== WORK REQUEST ==
Since the records include pictures, leave those out while you reproduce exactly and only the lines from the one containing "Grå vadderad väst" through the one containing "Eine Patientin steht", inclusive.

== MATERIAL SUPPLIED ==
+++++
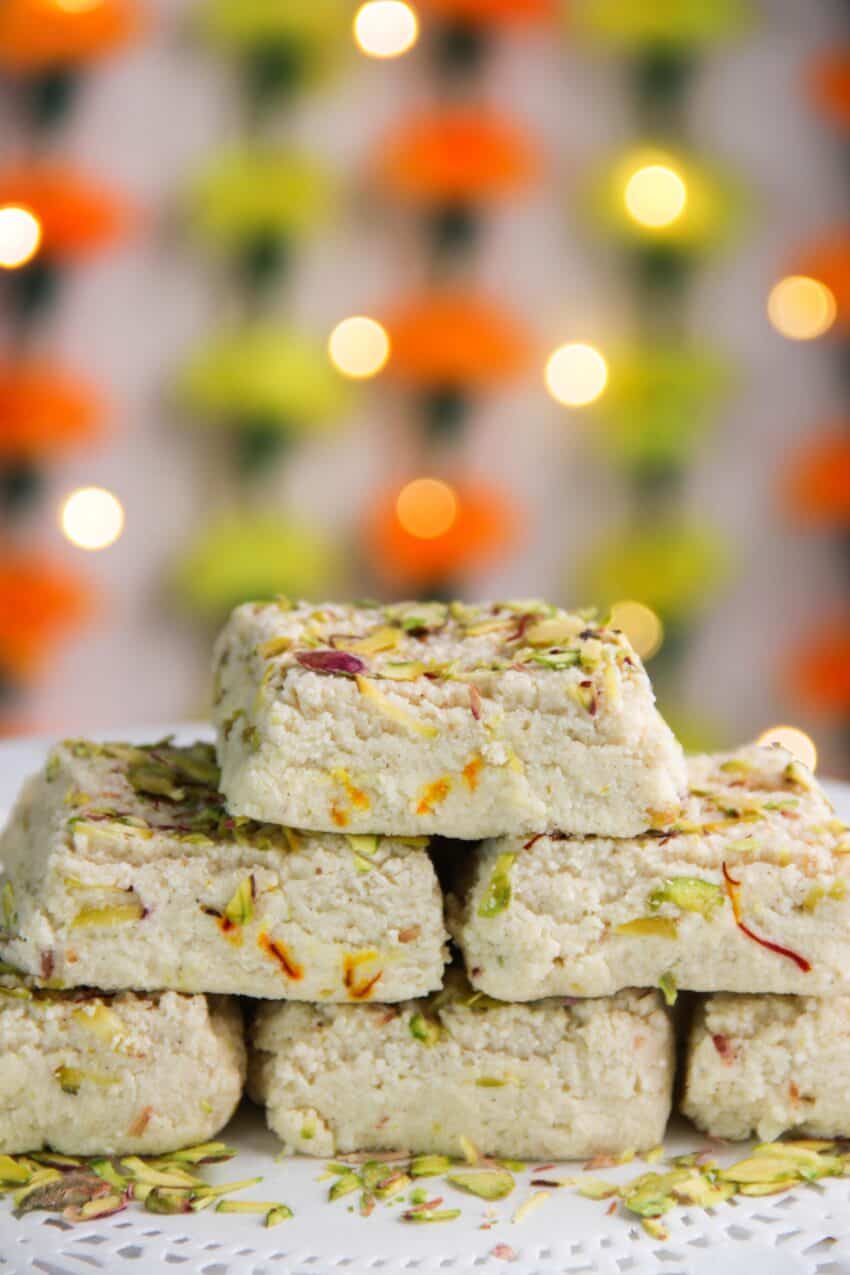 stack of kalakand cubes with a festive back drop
+++++
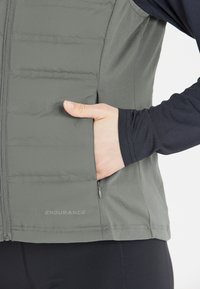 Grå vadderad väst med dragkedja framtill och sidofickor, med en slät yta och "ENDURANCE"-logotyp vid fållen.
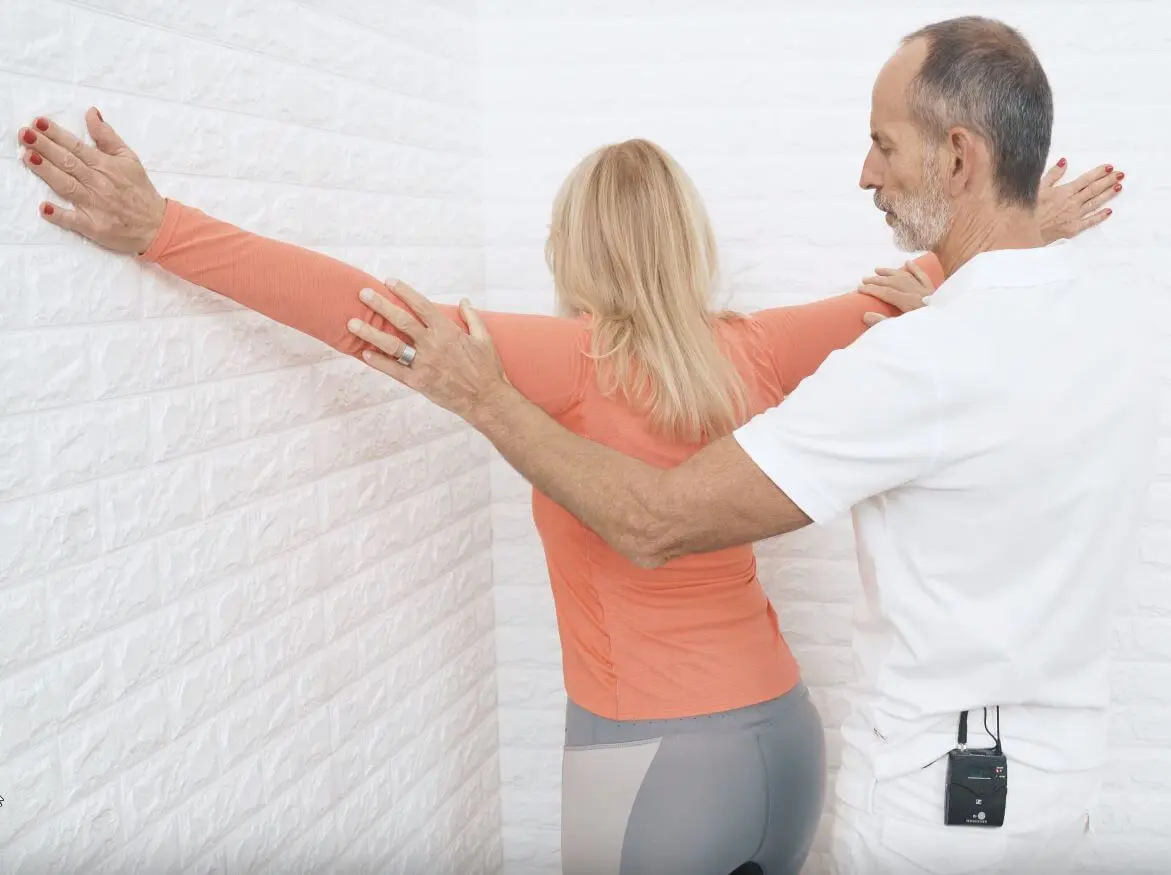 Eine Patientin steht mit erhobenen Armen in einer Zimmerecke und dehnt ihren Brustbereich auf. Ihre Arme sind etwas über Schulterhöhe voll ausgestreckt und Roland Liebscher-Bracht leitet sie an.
+++++
== EXERCISE SOLUTION ==
 Grå vadderad väst med dragkedja framtill och sidofickor, med en slät yta och "ENDURANCE"-logotyp vid fållen.
 Eine Patientin steht mit erhobenen Armen in einer Zimmerecke und dehnt ihren Brustbereich auf. Ihre Arme sind etwas über Schulterhöhe voll ausgestreckt und Roland Liebscher-Bracht leitet sie an.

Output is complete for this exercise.